Managers who have a record of losing staff are a liability to an organisation and give your business a bad reputation in the marketplace.
If you are experiencing difficulty in retaining staff one approach is to maximise their potential to themselves, their team and the organisation. Keep them trained and up to date. As Richard Bransom once said: “Train people well enough so they can leave, treat them well enough so they don’t want to”
One organisation I know took, at the time, the brave position of placing the value of their staff above other considerations. COVID-19 meant that one of their income streams dried up due to lockdowns and restrictions. They decided to do two important things. First, they asked staff employed in this stream to work across other areas of the organisation to cover some gaps. This stretched the employees who responded positively to a new work challenge. Second, they placed a number of casual staff on longer term contracts as they valued their skills and did not want to lose them. When restrictions were lifted they found themselves to be in a stronger position than they were in pre COVID-19. Staff were motivated, had developed new skills and valued their organisation. This has placed them in a good position.
Employees have strengths and skills that are often unrecognised. This is a time to interrogate their strengths, their assets, skills, knowledge, passions and abilities and see how what they already have can be used to benefit the organisation into the future. You will be surprised at what empowered staff can achieve.
It is a time to partner with your staff in planning for the future. Use their knowledge of the business, their perspective and allow them to positively contribute to the development of new business and strategic plans. A good approach to use is a participative tool such as Appreciative Inquiry. This is a powerful change management approach that is neither bottom up or top down but invites all relevant stakeholders into the discussion for change. Employees are an important stakeholder and can contribute to making change possible.
use tools from alternative sources
Now is a good time to search for different tools and approaches to change. Your workplace is a community. So why not look at some tools from Community Development to build this community and to develop a different model of business operation. There are a number of other approaches and tools to consider. I’ve already briefly discussed Appreciative Inquiry as such a tool.
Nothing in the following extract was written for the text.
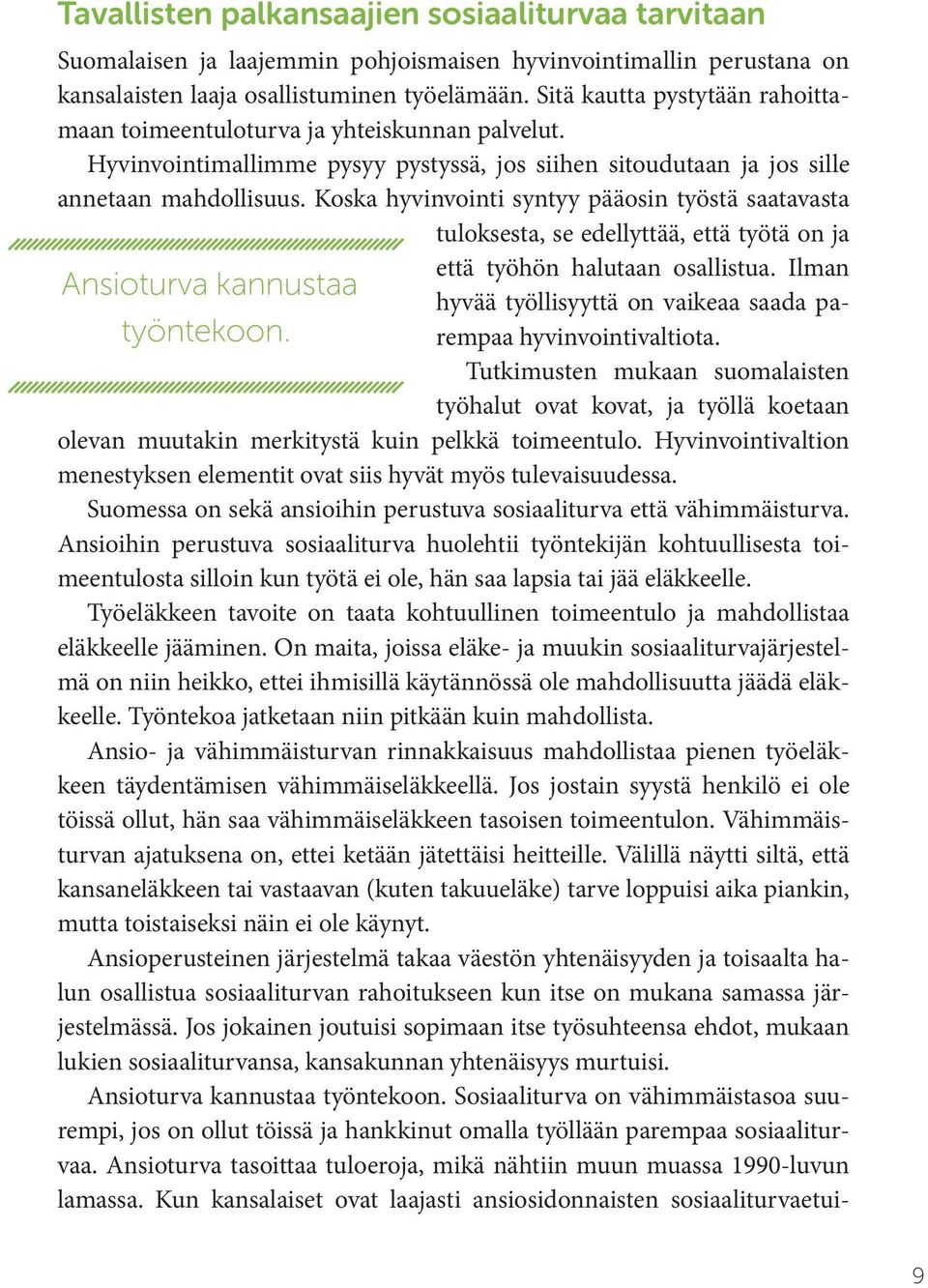 Koska hyvinvointi syntyy pääosin työstä saatavasta tuloksesta, se edellyttää, että työtä on ja että työhön halutaan osallistua.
Look at online training to help you. Herding Together offers a range of online courses to help you in your planning such as Top Teams: Talent Quest; Top Teams: Build on the Rock and Why SWOT When You Can SOAR? These three courses will introduce you to team building and planning approaches (including Appreciative Inquiry) that can assist in this process. Check these out at https:/herding-together.teachable.com
We live in challenging times. COVID-19 has presented us with both distressing times but also opportunity to move in a different direction. Those organisations and businesses who accept the challenge offered, innovate based on their strengths, use their greatest assets are those who will come out of COVID-19 in a stronger position.